> **EXERCISE**
Give the listing again word for word. Skip the pictures.

DATA SHOWN section start

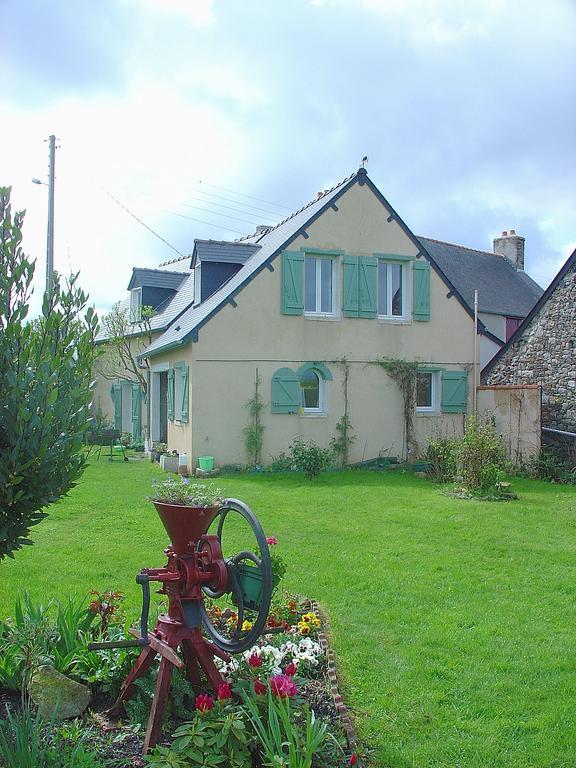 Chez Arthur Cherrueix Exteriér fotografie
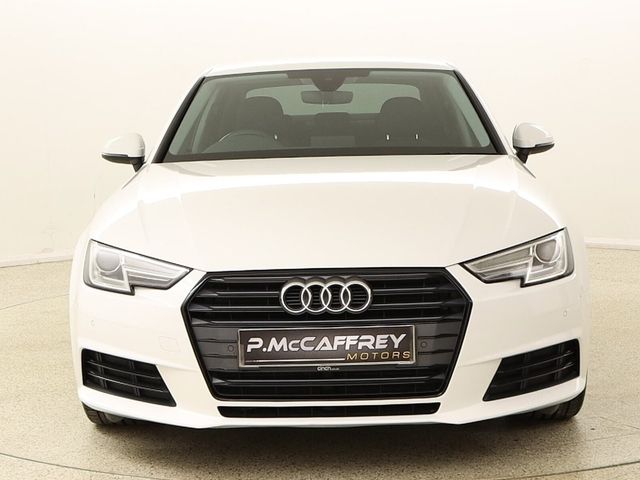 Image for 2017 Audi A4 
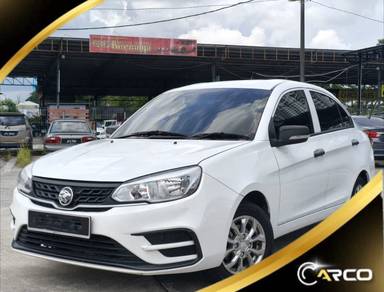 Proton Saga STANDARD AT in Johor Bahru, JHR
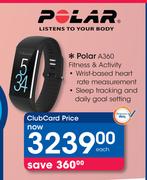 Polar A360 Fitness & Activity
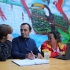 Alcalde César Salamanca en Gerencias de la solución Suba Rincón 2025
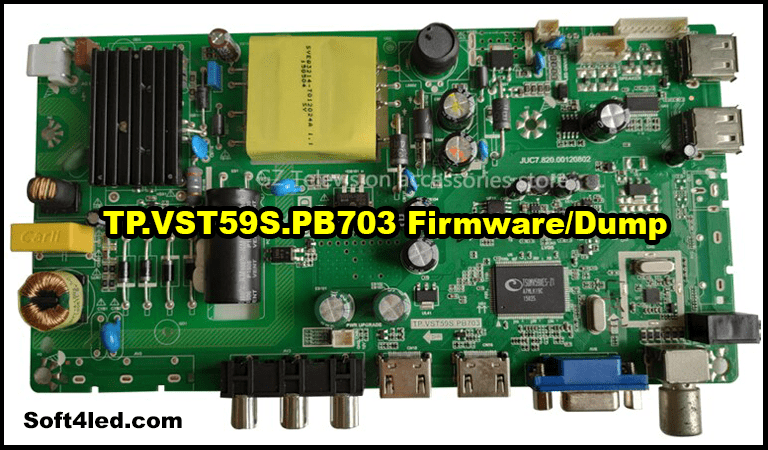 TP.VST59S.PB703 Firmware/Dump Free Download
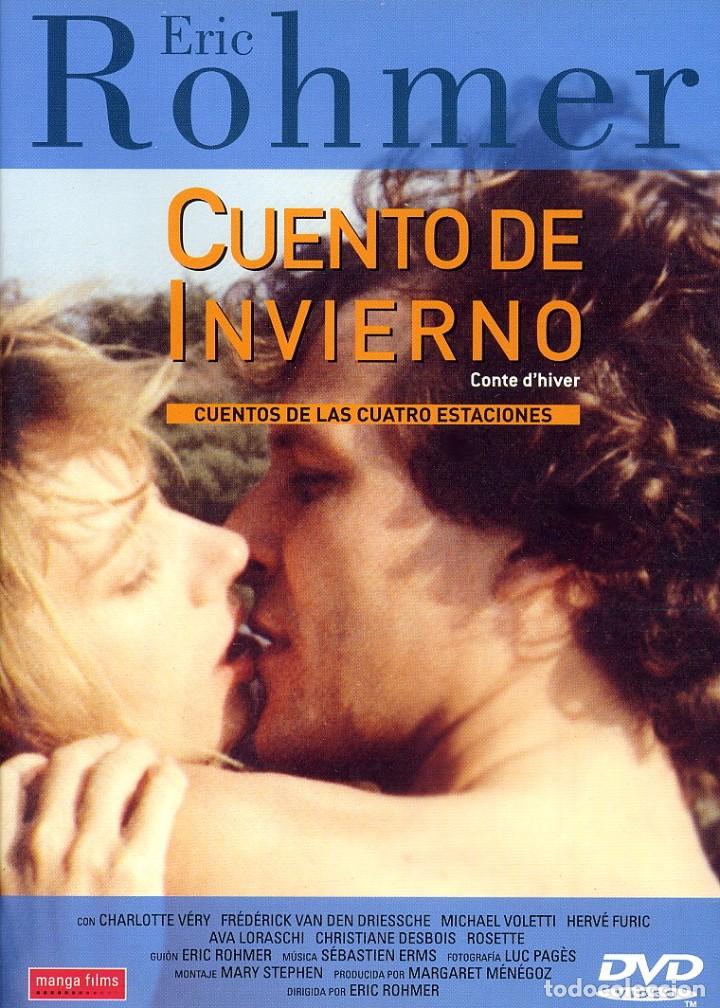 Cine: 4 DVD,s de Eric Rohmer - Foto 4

DATA SHOWN section end

> **TASK RESULT**
 Chez Arthur Cherrueix Exteriér fotografie
 Image for 2017 Audi A4 
 Proton Saga STANDARD AT in Johor Bahru, JHR
 Polar A360 Fitness & Activity
 Alcalde César Salamanca en Gerencias de la solución Suba Rincón 2025
 TP.VST59S.PB703 Firmware/Dump Free Download
 Cine: 4 DVD,s de Eric Rohmer - Foto 4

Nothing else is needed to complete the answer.